START Input data

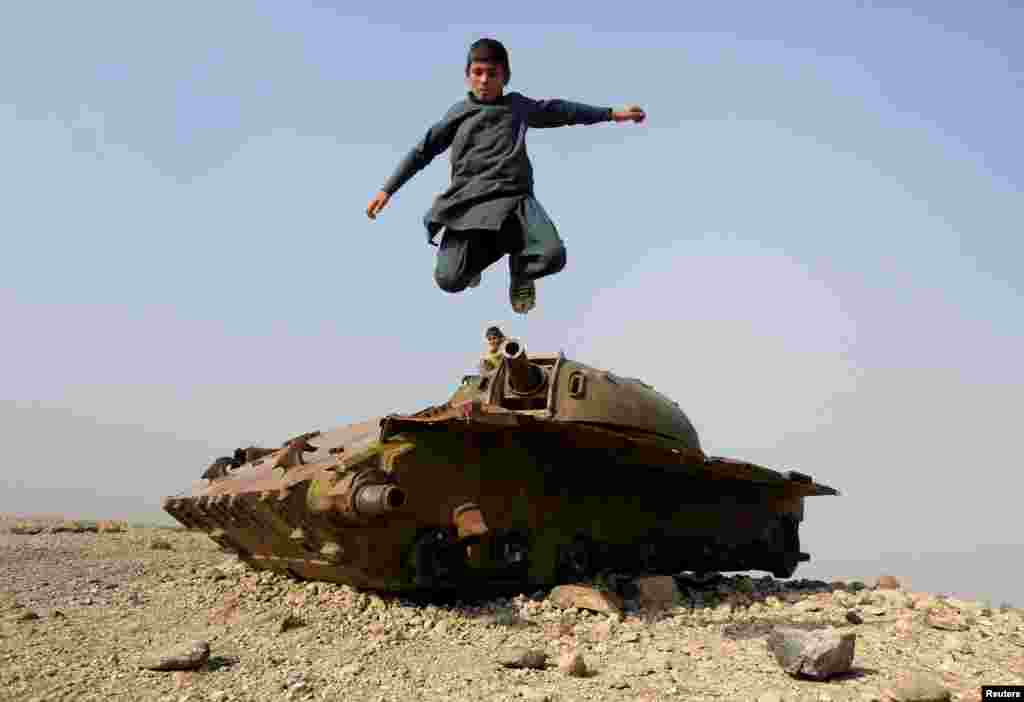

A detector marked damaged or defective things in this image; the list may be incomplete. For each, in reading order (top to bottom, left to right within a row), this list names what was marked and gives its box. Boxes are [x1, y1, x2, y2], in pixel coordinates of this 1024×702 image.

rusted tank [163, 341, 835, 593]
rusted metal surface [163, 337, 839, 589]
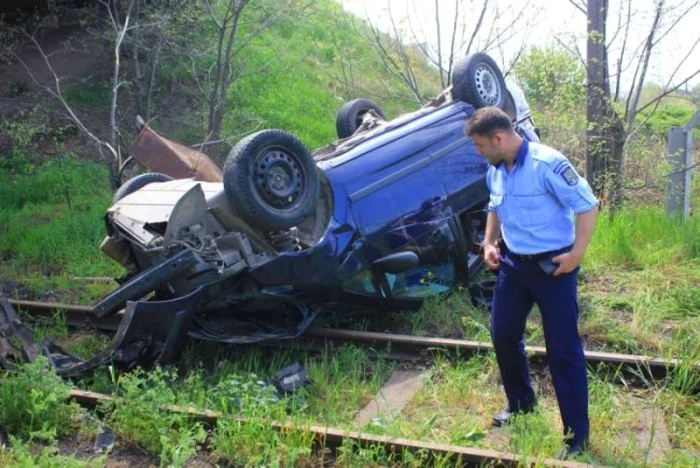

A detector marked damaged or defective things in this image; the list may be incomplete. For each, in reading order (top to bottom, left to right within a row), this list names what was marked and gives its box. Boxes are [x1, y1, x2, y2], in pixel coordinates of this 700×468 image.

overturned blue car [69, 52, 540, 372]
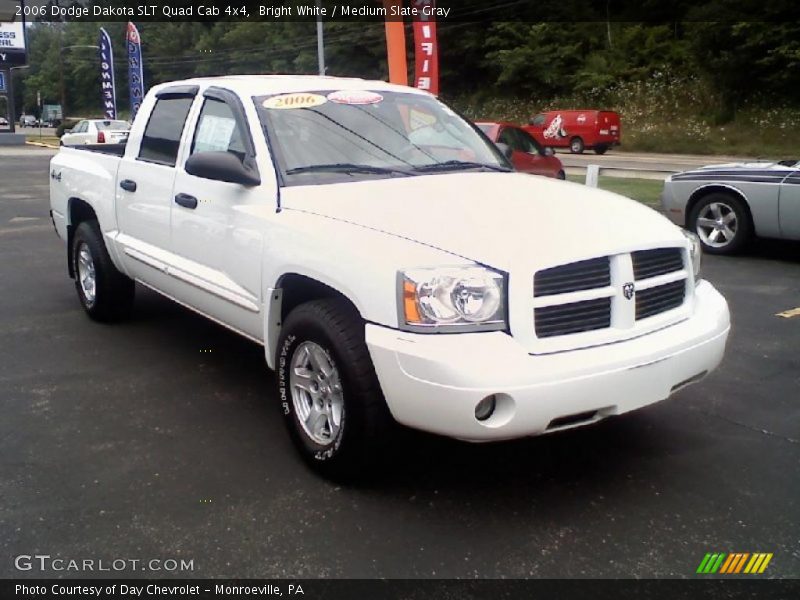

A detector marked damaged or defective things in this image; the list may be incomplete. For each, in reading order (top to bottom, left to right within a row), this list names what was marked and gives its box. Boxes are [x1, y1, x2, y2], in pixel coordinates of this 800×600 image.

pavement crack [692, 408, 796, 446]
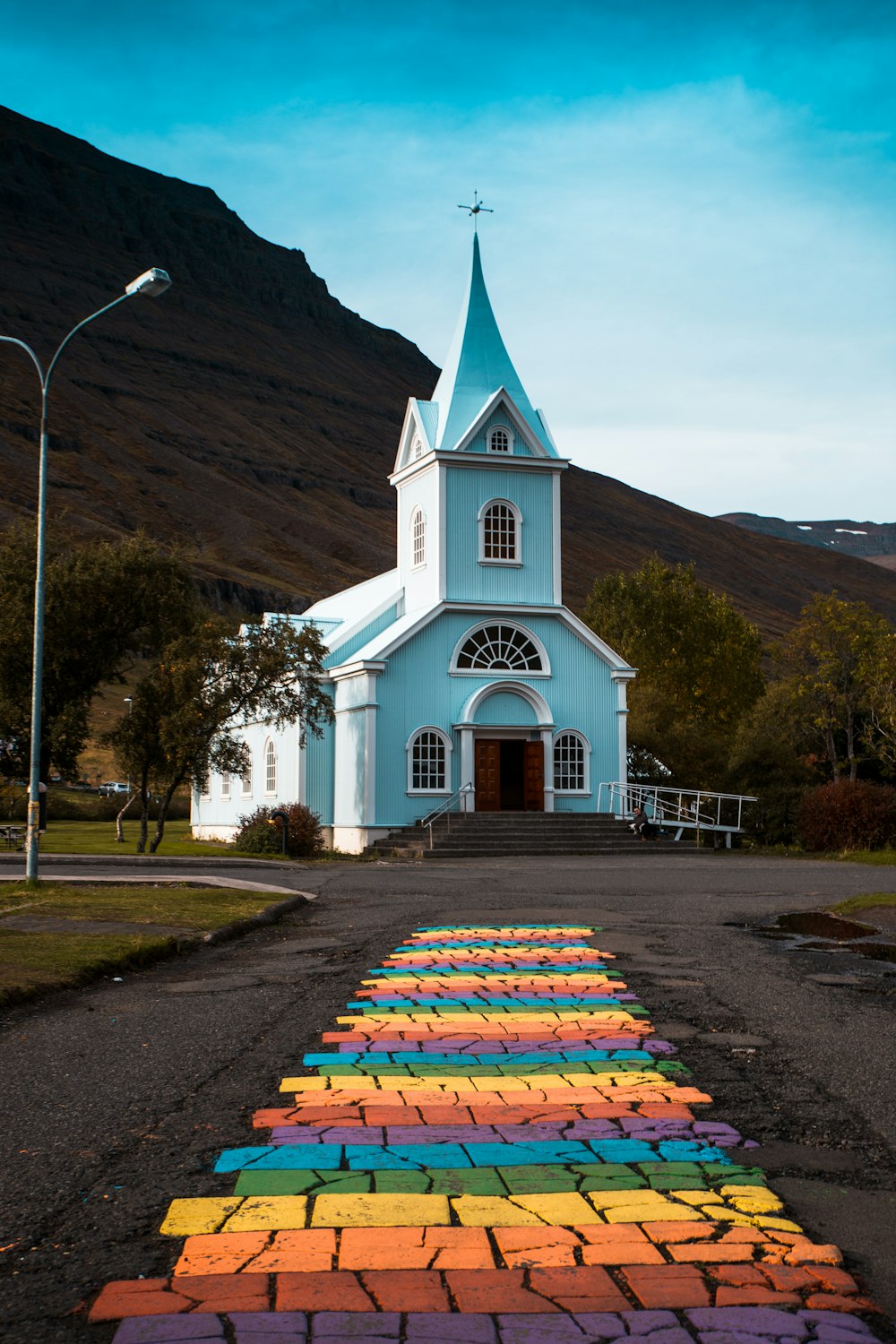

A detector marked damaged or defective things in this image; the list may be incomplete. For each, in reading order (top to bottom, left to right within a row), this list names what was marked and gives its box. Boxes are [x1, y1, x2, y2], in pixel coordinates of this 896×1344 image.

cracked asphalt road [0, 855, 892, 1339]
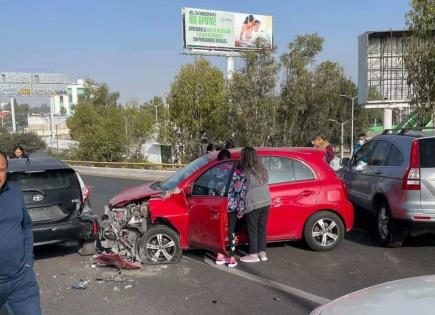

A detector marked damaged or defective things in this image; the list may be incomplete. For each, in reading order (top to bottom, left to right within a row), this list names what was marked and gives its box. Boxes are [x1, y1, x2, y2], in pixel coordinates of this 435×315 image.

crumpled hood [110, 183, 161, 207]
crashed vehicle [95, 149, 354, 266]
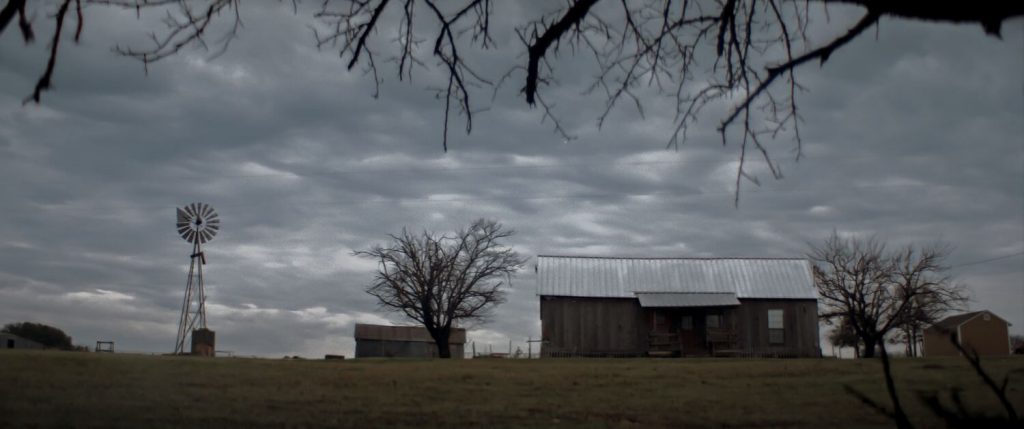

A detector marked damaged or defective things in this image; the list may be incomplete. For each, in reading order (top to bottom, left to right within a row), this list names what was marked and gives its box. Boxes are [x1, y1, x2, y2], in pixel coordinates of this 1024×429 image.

END Input data

Reprint every record exactly and skip the pictures.

A detector marked damaged or defective things in this image; the list may be incomplete. For each, in reading order (top to bottom, left to right within a row), this list names what was marked and gives its box. Boxes are [x1, y1, x2, y2], in pixel coordinates of this 1024×702 image.

rusted tank [163, 341, 835, 593]
rusted metal surface [163, 337, 839, 589]

A detector marked damaged or defective things in this image; the list may be incomplete. For each, in reading order (top to bottom, left to right within a row), this list names what was marked and gives its box. Boxes are [x1, y1, x2, y2], in pixel coordinates of this 700×468 image.

overturned blue car [69, 52, 540, 372]

A detector marked damaged or defective things in this image; the list may be incomplete. For each, in reading order (top to bottom, left to right within a row), this list names what was marked and gives its box. Boxes are [x1, y1, x2, y2], in pixel coordinates of this 800×600 image.

pavement crack [692, 408, 796, 446]

A detector marked damaged or defective things in this image; the list may be incomplete. For each, in reading order (top to bottom, left to right within a row), this list names what was marked and gives its box. Boxes are [x1, y1, x2, y2], in pixel coordinates of this 896×1344 image.

cracked asphalt road [0, 855, 892, 1339]

A detector marked damaged or defective things in this image; the list may be incomplete. For each, in reading order (top to bottom, left to right within a row), this list names what was marked and gives its box. Boxes are [x1, y1, x2, y2], in pixel coordinates of this 435×315 image.

crumpled hood [110, 183, 161, 207]
crashed vehicle [95, 149, 354, 266]

A detector marked damaged or defective things in this image; the list may be incomplete. For each, in reading order (top to bottom, left to right within a row), this list names what was marked and gives its box. Boxes are [x1, y1, x2, y2], in pixel coordinates of this 1024×429 image.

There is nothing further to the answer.